Un gage de sécurité pour l’usager, rassuré par le titre. Mais si certains ordres ne portent que sur le fait de poser sa plaque, d’autres protègent aussi les actes délivrés par les professionnels concernés. « L’ordre professionnel des diététistes du Québec ne portent que sur le titre, et pas sur les actes délivrés par les professionnels », illustre France Houle. Les actes, contrairement à ceux des avocats, ne sont donc pas protégés, et un nutritionniste, non concerné par l’ordre, pourrait délivrer un acte similaire.
Ce système serait aussi là pour assurer la formation continue des membres. “Par exemple les avocats ont une obligation de 30h sur un cycle de 2 ans”, illustre la vice-doyenne aux études de premier cycle.
Autre objectif des ordres professionnels : donner une certification aux professionnels formés à l’étranger, approuvée par le gouvernement du Québec. « L’entente Québec-France permet aux ordres professionnels de conclure des accords établissant les conditions de reconnaissance mutuelle entre les deux pays », illustre France Houle. Une équivalence entre les diplômes, mais aussi entre les titres professionnels, afin que les Français puissent accéder à leur profession au Québec rapidement, sans (trop) de démarches. Pour l’universitaire, les conditions seraient donc « généralement moins importantes pour les professionnels étrangers », afin de faciliter l’insertion des nouveaux arrivants.

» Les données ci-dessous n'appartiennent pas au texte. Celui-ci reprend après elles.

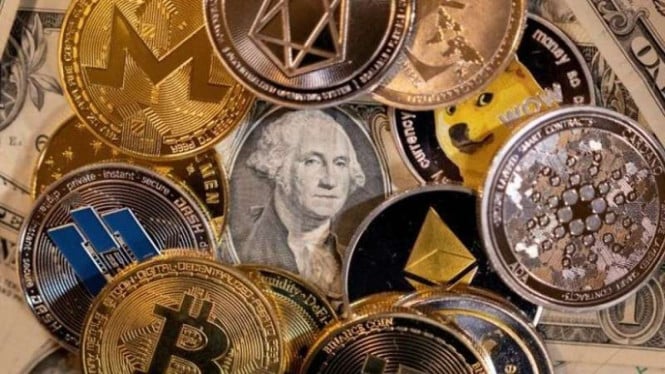 Tokenisasi Aset Dunia Nyata: Peluang Emas yang Mengubah Lanskap Kripto Global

Mais face à l’afflux massif de population, et l’émergence de nouvelles professions, le système des ordres professionnels serait en débat. « Même s’il y a pas mal de résistance de la part des ordres professionnels, le gouvernement essaye de faciliter ces systèmes datant des années 1990 pour la plupart ». À l’instar de l’éducation, les ordres professionnels seraient à l’avenir plus axés sur les compétences, savoir-faire et savoir-être, que sur les diplômes des praticiens. Education et ordres professionnels sont intimement liés : l’association des kinésiologues, qui viennent de voir une partie de leur cursus intégré à la faculté de médecine, cherchent d’ailleurs activement à être reconnus eux aussi comme ordre professionnel.